Nature closed in on all sides. Pressing green upon us.
Our next stop was to murder a fish and portage, a fancy word for carrying the thing you ride in the water through the woods and then going back and carrying the shit you carry the water through the woods.
My friend Chance and I were the only serious fishers. That is, we got licenses, and I had a pole and a few other fishing items. I figured we should attempt to catch fish and eat them. Unexpectedly, we did. I was not ready for this. Dangling the fish in Chance’s face I yelled, is this big enough, what do we do? He pulled out a pocket knife and stabbed the fish several times in the head. Fishing is an ugly business.
When we got to the portage site, the fish was still alive. I was horrified. I asked Trevor; you know how to prepare this right? He did but refused to kill anymore. I – and the rest of the party – elected Chance to strike the Dolorous Stroke to our piscatorial friend. After much screaming and yelling as men are want to, Chance unsheathed his gigantic Walmart kookery and hacked at the head and true to the tempered metal and shovel sharp edge, it was quite a few hacks before this fish was rendered dead.
After some short moment of silence, we cooked the creature until it was cooked. Nature is who she is.

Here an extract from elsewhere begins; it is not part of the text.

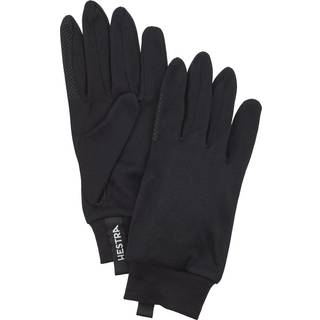 Hestra Silk Liner handsker (SORT (100), 8,0)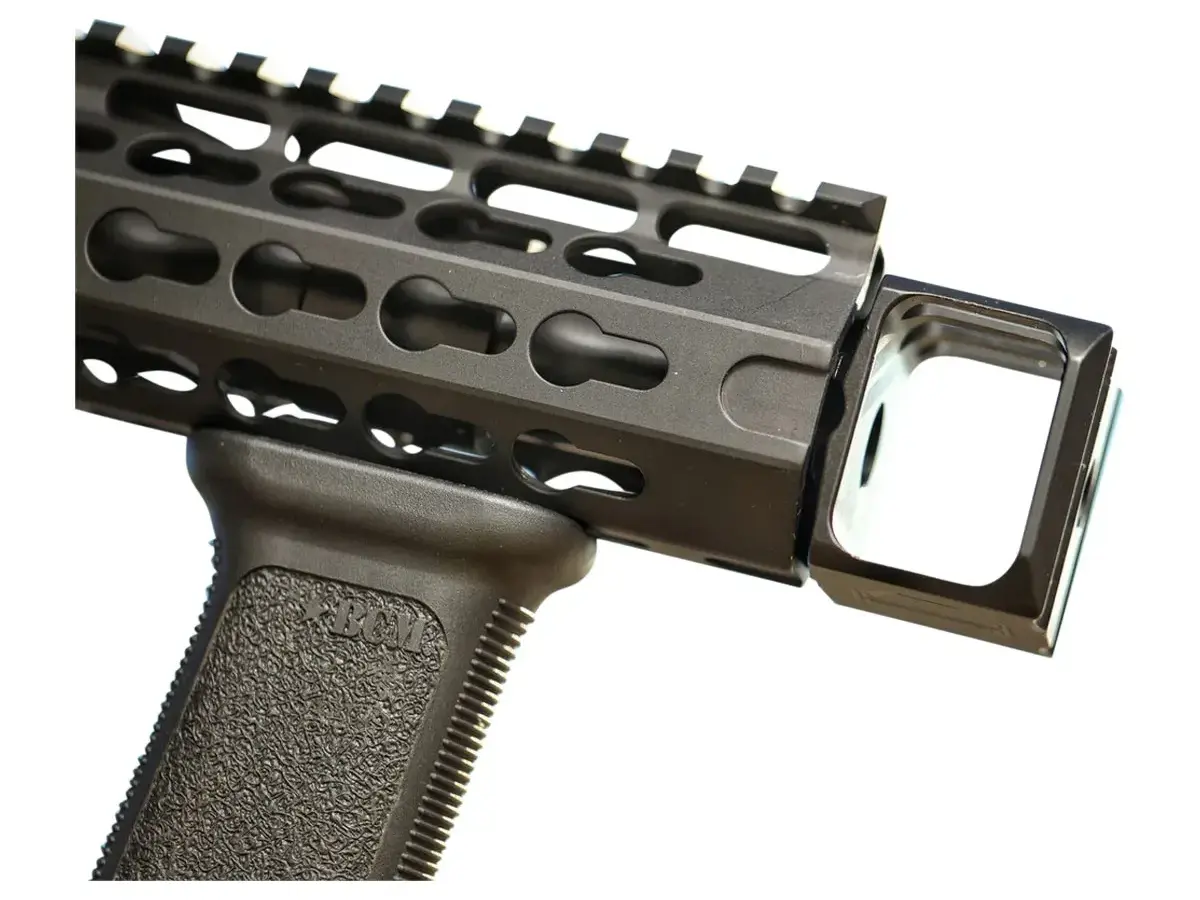 Loud and Flashy 28 Muzzle Brake1/2x28mm Threads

And she is bloody, vicious, and delicious.
With the murder behind us, it was time for the portage. My canoe companion and I struggled to empty the gear and carry the metal container through the woods up and down the hills and then return for our gear. Our company, the Wenonah riders, passed us with ease while our colleague in the kayak was overwhelmed by the bulk of this craft and the Wenonah riders had to return to retrieve it.
The portage over, our remaining night was again pastoral of a sort and uneventful other than we caught and killed another fish, this time reducing the time between life and death markedly. The last leg of the journey was now more populated and we were reminded with each passing water craft of our closening to the urbanized parts of the woods as motor craft were again present as were slimy buoys that marked the turns and low areas of the water.
In time, we returned to the cars, the shuffling of gear, the moving of items, and tying down of craft. The return home was long and we drove in tired silence already plotting and planning our next adventure, perhaps even another canoe trip.
Editor’s note: Revised as our organizer had indeed brought a cup and a map. An earlier version claimed she didn’t.